#### Directions:
This exercise calls for an exact copy of the data below.

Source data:

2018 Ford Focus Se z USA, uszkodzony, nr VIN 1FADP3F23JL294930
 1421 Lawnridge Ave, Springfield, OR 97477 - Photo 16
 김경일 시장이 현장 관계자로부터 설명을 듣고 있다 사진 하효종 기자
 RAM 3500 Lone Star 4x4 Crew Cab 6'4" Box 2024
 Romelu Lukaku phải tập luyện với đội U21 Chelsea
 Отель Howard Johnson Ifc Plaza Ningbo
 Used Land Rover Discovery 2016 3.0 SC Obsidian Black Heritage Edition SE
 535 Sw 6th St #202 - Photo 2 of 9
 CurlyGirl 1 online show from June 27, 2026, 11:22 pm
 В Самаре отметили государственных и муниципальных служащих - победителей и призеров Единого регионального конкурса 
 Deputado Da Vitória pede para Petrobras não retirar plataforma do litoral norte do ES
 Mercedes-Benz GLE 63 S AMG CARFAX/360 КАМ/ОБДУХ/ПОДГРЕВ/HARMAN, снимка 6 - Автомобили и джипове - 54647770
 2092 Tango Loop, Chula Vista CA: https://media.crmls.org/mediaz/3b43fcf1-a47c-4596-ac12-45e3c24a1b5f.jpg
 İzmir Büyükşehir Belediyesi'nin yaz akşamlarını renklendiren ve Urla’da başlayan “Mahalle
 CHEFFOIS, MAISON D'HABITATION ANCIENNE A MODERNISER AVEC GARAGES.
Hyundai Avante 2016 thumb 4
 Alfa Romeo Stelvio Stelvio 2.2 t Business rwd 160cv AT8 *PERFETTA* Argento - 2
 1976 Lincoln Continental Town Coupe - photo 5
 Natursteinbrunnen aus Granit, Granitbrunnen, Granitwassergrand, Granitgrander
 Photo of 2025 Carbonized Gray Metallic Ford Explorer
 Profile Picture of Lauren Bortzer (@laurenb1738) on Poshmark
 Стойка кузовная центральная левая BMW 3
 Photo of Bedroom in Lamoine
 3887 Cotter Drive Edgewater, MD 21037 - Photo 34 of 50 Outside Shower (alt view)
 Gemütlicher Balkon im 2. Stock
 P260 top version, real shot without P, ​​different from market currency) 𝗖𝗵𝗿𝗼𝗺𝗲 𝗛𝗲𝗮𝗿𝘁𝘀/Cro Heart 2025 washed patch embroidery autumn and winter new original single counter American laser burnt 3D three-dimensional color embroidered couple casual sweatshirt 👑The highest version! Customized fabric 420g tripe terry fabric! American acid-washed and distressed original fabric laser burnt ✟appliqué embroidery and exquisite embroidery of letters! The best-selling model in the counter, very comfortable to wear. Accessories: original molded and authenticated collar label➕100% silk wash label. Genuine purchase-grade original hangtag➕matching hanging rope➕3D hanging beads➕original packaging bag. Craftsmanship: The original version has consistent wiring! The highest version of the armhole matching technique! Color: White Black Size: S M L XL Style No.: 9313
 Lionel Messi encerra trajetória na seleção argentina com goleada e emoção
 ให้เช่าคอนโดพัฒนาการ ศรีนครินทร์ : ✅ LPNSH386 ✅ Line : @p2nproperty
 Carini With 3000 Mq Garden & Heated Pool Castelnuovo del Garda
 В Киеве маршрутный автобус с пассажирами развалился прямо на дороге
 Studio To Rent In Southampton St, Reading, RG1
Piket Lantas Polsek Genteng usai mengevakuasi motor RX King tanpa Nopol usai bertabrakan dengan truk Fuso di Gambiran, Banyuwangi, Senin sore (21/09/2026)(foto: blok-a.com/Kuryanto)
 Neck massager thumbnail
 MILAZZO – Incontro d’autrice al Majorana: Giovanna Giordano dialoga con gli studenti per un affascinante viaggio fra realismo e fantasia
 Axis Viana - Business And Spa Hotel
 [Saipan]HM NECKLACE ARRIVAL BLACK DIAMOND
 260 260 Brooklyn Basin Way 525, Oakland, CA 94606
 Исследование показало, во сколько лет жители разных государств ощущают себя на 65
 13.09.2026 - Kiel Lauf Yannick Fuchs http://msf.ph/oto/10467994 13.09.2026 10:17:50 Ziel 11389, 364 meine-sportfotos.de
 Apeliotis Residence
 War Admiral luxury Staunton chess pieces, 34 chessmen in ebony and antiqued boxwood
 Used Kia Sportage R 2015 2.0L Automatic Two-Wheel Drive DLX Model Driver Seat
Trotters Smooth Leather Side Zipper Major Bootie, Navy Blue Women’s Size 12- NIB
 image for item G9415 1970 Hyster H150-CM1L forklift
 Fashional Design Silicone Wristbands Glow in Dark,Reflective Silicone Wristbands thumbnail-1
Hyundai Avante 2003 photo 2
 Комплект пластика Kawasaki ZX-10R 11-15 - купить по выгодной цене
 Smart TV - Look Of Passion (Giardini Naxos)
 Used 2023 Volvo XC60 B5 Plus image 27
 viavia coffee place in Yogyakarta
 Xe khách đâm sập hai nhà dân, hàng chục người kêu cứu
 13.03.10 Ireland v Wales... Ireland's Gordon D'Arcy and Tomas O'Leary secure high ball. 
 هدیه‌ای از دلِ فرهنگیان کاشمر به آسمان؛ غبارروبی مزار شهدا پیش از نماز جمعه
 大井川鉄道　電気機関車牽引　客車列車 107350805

#### Exercise answer:
2018 Ford Focus Se z USA, uszkodzony, nr VIN 1FADP3F23JL294930
 1421 Lawnridge Ave, Springfield, OR 97477 - Photo 16
 김경일 시장이 현장 관계자로부터 설명을 듣고 있다 사진 하효종 기자
 RAM 3500 Lone Star 4x4 Crew Cab 6'4" Box 2024
 Romelu Lukaku phải tập luyện với đội U21 Chelsea
 Отель Howard Johnson Ifc Plaza Ningbo
 Used Land Rover Discovery 2016 3.0 SC Obsidian Black Heritage Edition SE
 535 Sw 6th St #202 - Photo 2 of 9
 CurlyGirl 1 online show from June 27, 2026, 11:22 pm
 В Самаре отметили государственных и муниципальных служащих - победителей и призеров Единого регионального конкурса 
 Deputado Da Vitória pede para Petrobras não retirar plataforma do litoral norte do ES
 Mercedes-Benz GLE 63 S AMG CARFAX/360 КАМ/ОБДУХ/ПОДГРЕВ/HARMAN, снимка 6 - Автомобили и джипове - 54647770
 2092 Tango Loop, Chula Vista CA: https://media.crmls.org/mediaz/3b43fcf1-a47c-4596-ac12-45e3c24a1b5f.jpg
 İzmir Büyükşehir Belediyesi'nin yaz akşamlarını renklendiren ve Urla’da başlayan “Mahalle
 CHEFFOIS, MAISON D'HABITATION ANCIENNE A MODERNISER AVEC GARAGES.
Hyundai Avante 2016 thumb 4
 Alfa Romeo Stelvio Stelvio 2.2 t Business rwd 160cv AT8 *PERFETTA* Argento - 2
 1976 Lincoln Continental Town Coupe - photo 5
 Natursteinbrunnen aus Granit, Granitbrunnen, Granitwassergrand, Granitgrander
 Photo of 2025 Carbonized Gray Metallic Ford Explorer
 Profile Picture of Lauren Bortzer (@laurenb1738) on Poshmark
 Стойка кузовная центральная левая BMW 3
 Photo of Bedroom in Lamoine
 3887 Cotter Drive Edgewater, MD 21037 - Photo 34 of 50 Outside Shower (alt view)
 Gemütlicher Balkon im 2. Stock
 P260 top version, real shot without P, ​​different from market currency) 𝗖𝗵𝗿𝗼𝗺𝗲 𝗛𝗲𝗮𝗿𝘁𝘀/Cro Heart 2025 washed patch embroidery autumn and winter new original single counter American laser burnt 3D three-dimensional color embroidered couple casual sweatshirt 👑The highest version! Customized fabric 420g tripe terry fabric! American acid-washed and distressed original fabric laser burnt ✟appliqué embroidery and exquisite embroidery of letters! The best-selling model in the counter, very comfortable to wear. Accessories: original molded and authenticated collar label➕100% silk wash label. Genuine purchase-grade original hangtag➕matching hanging rope➕3D hanging beads➕original packaging bag. Craftsmanship: The original version has consistent wiring! The highest version of the armhole matching technique! Color: White Black Size: S M L XL Style No.: 9313
 Lionel Messi encerra trajetória na seleção argentina com goleada e emoção
 ให้เช่าคอนโดพัฒนาการ ศรีนครินทร์ : ✅ LPNSH386 ✅ Line : @p2nproperty
 Carini With 3000 Mq Garden & Heated Pool Castelnuovo del Garda
 В Киеве маршрутный автобус с пассажирами развалился прямо на дороге
 Studio To Rent In Southampton St, Reading, RG1
Piket Lantas Polsek Genteng usai mengevakuasi motor RX King tanpa Nopol usai bertabrakan dengan truk Fuso di Gambiran, Banyuwangi, Senin sore (21/09/2026)(foto: blok-a.com/Kuryanto)
 Neck massager thumbnail
 MILAZZO – Incontro d’autrice al Majorana: Giovanna Giordano dialoga con gli studenti per un affascinante viaggio fra realismo e fantasia
 Axis Viana - Business And Spa Hotel
 [Saipan]HM NECKLACE ARRIVAL BLACK DIAMOND
 260 260 Brooklyn Basin Way 525, Oakland, CA 94606
 Исследование показало, во сколько лет жители разных государств ощущают себя на 65
 13.09.2026 - Kiel Lauf Yannick Fuchs http://msf.ph/oto/10467994 13.09.2026 10:17:50 Ziel 11389, 364 meine-sportfotos.de
 Apeliotis Residence
 War Admiral luxury Staunton chess pieces, 34 chessmen in ebony and antiqued boxwood
 Used Kia Sportage R 2015 2.0L Automatic Two-Wheel Drive DLX Model Driver Seat
Trotters Smooth Leather Side Zipper Major Bootie, Navy Blue Women’s Size 12- NIB
 image for item G9415 1970 Hyster H150-CM1L forklift
 Fashional Design Silicone Wristbands Glow in Dark,Reflective Silicone Wristbands thumbnail-1
Hyundai Avante 2003 photo 2
 Комплект пластика Kawasaki ZX-10R 11-15 - купить по выгодной цене
 Smart TV - Look Of Passion (Giardini Naxos)
 Used 2023 Volvo XC60 B5 Plus image 27
 viavia coffee place in Yogyakarta
 Xe khách đâm sập hai nhà dân, hàng chục người kêu cứu
 13.03.10 Ireland v Wales... Ireland's Gordon D'Arcy and Tomas O'Leary secure high ball. 
 هدیه‌ای از دلِ فرهنگیان کاشمر به آسمان؛ غبارروبی مزار شهدا پیش از نماز جمعه
 大井川鉄道　電気機関車牽引　客車列車 107350805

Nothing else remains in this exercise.